Hürriyet’teki yazılarından ve TV’deki programlardan tanınan Prof. Kızılot, aynı zamanda Gazi Üniversitesi İktisadi ve İdari Bilimler Fakültesi’nde öğretim üyesi ve Maliye Bölümü Başkanı.
Önce Ankara’dan başlayalım. Ankaralı vergi mükellefleri vergi ödeme yönünden nasıllar?
- Çok kişinin de bildiği gibi, Ankara bir memur kenti. Memurların vergisine gelince, bu konuda sorun yok. Onların vergisi, daha maaşlarını almadan, kaynakta kesinti yoluyla, peşin olarak alınıyor. Zaten ülkemizde ücretliler, toplam gelir vergisinin yüzde 50’sini ödüyorlar.
YÜZDE 13’Ü ANKARA’DAN
Peki, Ankara’da toplanan vergilere baktığımızda, Türkiye genelinde, toplanan vergiler ve tahsilat oranı bakımından Ankara’nın durumu ne?
- Ankaralılar, vergi borcunu ödeme bakımından, titizler. Yıllık bazda yüzde 87 tahsilat oranıyla, Ankara vergi tahsilatının en yüksek olduğu iller arasında yer alıyor. Türkiye’de toplanan vergiler bakımında değerlendirdiğimizde; Türkiye’de toplanan vergilerin, yüzde 13’ü Ankara’dan toplanıyor. Ankara, en çok vergi toplanan iller sıralamasında, İstanbul ve Kocaeli’nden sonra üçüncü geliyor. Kuşkusuz sağlanan başarıda, Ankara Vergi Dairesi Başkanlığı ve bağlı birimlerde çalışanların, başkanından memuruna kadar büyük payı var.

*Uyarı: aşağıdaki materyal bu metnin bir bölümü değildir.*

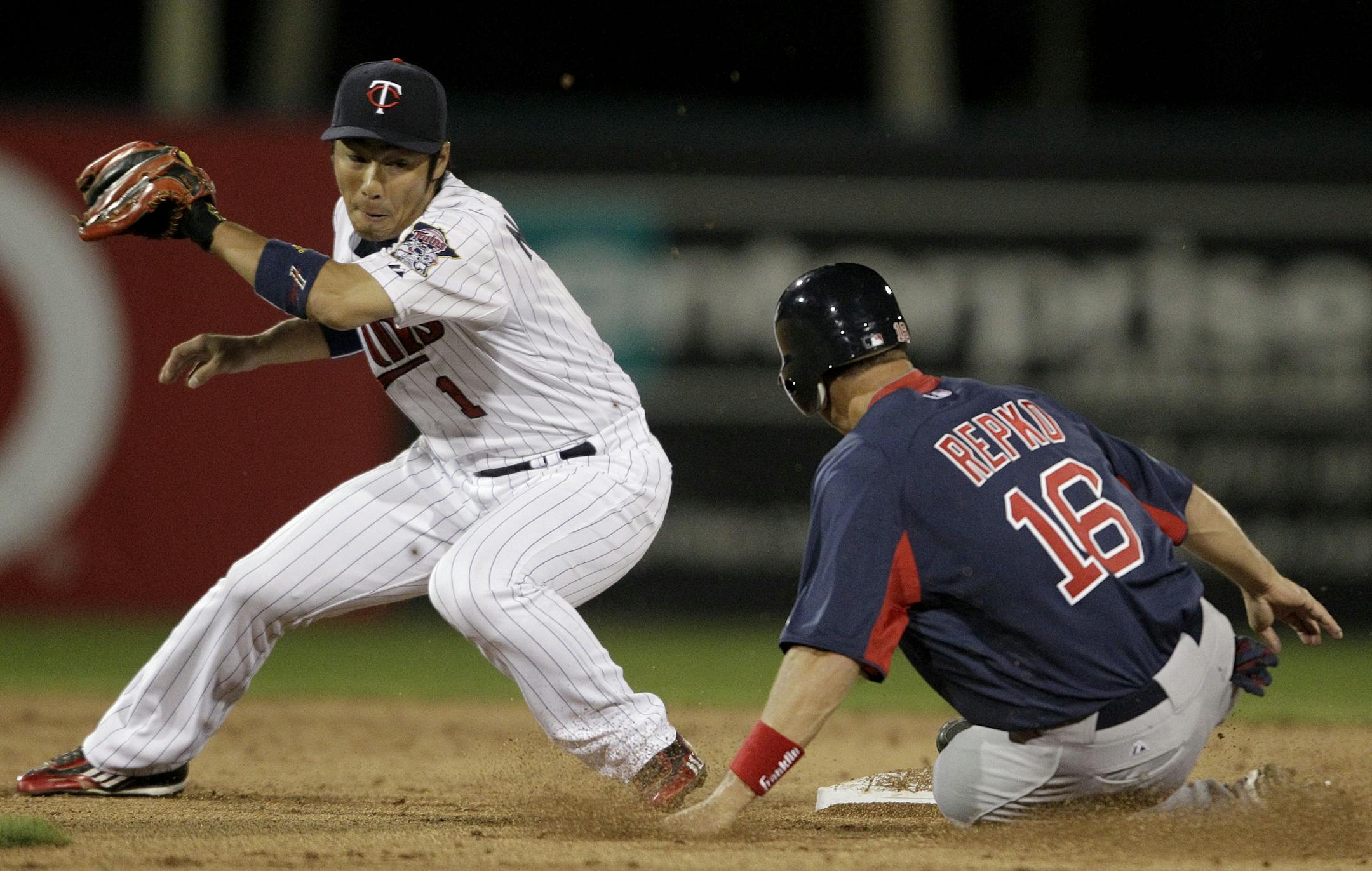 Boston Red Sox's Jason Repko, right, steals second base as Minnesota Twins shortstop Tsuyoshi Nishioka, of Japan, is late on the play during the second inning of a spring training baseball game Monday, March 5, 2012, in Fort Myers, Fla.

Ankara’dan, Türkiye’ye gelelim. Türkiye genelinde durum nasıl?
-Türkiye’de vergiler, maalesef dolaylı toplanıyor. Toplanan 100 birim verginin, yaklaşık 70 birimi, başta KDV ve ÖTV olmak üzere, dolaylı vergiden oluşuyor. Bir ülkede, dolaylı vergi oranının, dolaysız vergilerden fazla olması, o ülkede vergi adaletinin bulunmadığının kriteri olarak göz önüne alınıyor. Örneğin; AB ülkelerinde, toplanan 100 birim verginin 35 birimi dolaylı vergi. Türkiye’de ise 70 birimi!
Bildiğimiz kadarıyla, vergi gelirlerinin üçte biri, KDV’den oluşuyor. Bu yönüyle, KDV gelirleri, ülkemiz için çok önemli. 2007 vergi tahsilat rakamlarına baktığımızda, KDV yönünden de tahsilat gerilemişe benziyor. Galiba, KDV’de de tahsilat yönünden ciddi bir sorun yaşanıyor.
-Evet. 2007 yılında KDV tahsilat hedefleri tutturulamadı. Hedeflerde, 6 milyar YTL’nin üzerinde sapma oldu. Örneğin, ithalde alınan KDV tahsilatı, 2007 hedefinin 3 milyar YTL gerisinde. Dahilde Alınan KDV’de 20.2 milyar YTL tahsilat hedeflenirken, 16.8 milyar YTL toplanabildi.
Kuşkusuz, KDV tahsilatındaki gerilemeyi yalnızca ücretlilere vergi iadesinin kaldırılmasına bağlamamak lazım. 2007 Temmuz seçimleri nedeniyle, vergi denetimleri gevşetildi hatta birkaç ay bütünüyle kaldırıldı.
Seçim nedeniyle, piyasalarda bir durgunluk yaşandı. Döviz kurlarındaki gerileme, özellikle ithalatla ilgili gelir hedeflerinin tutmasını engelledi.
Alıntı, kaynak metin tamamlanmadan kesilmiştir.